Political Correctness and the Art of Overtone Singing.

Out of respect for Asami Nagakiya and her family, I had not intended to devote too much of this blog's space to the odoriferous controversy arising out of events following the murder of their loved one, but Asami, I hope that you know what is in my heart y con su permiso...


When the rain falls heavily over North Western Trinidad, there are often floods in Port of Spain. The weather advisory should warn that there is a danger of flooding especially if exceptionally high tides are expected to coincide with the runoff. If the Mayor of the City of Port of Spain, out of an abundance of caution and concern takes it upon himself to warn citizens that they should bring umbrellas, wear sensible shoes, stay away from open gutters, avoid the city centre if possible, postpone visiting Port of Spain if your business there is not urgent, and finally that parents relay these advisories to their children, wouldn't you say that he is doing his job?

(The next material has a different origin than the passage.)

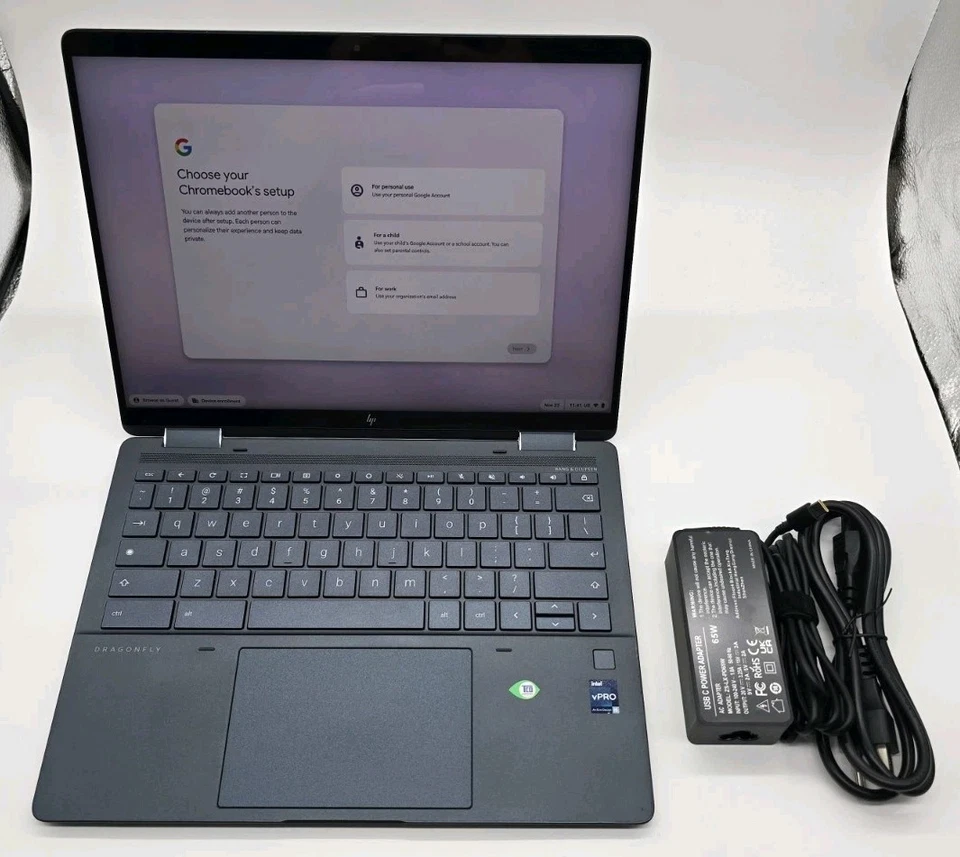 Chromebook HP Elite Dragonfly 13.5" QHD Touch i5-1245U 16GB 256GB WIFI CROMOS Foto 1 de 4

Official advisories are meant to share information and very often serious warnings. Officials and countries release advisories all the time and not just about inclement weather, about threats to health, safety and travel. Since Asami's murder, for example, the Japanese embassy has put out a travel advisory warning its citizens to guard their safety in Trinidad and Tobago.

Are they setting themselves up for a charge of victim blaming if something unfortunate should happen to another of their nationals and if they should make the mistake of reminding media hounds that warnings were issued?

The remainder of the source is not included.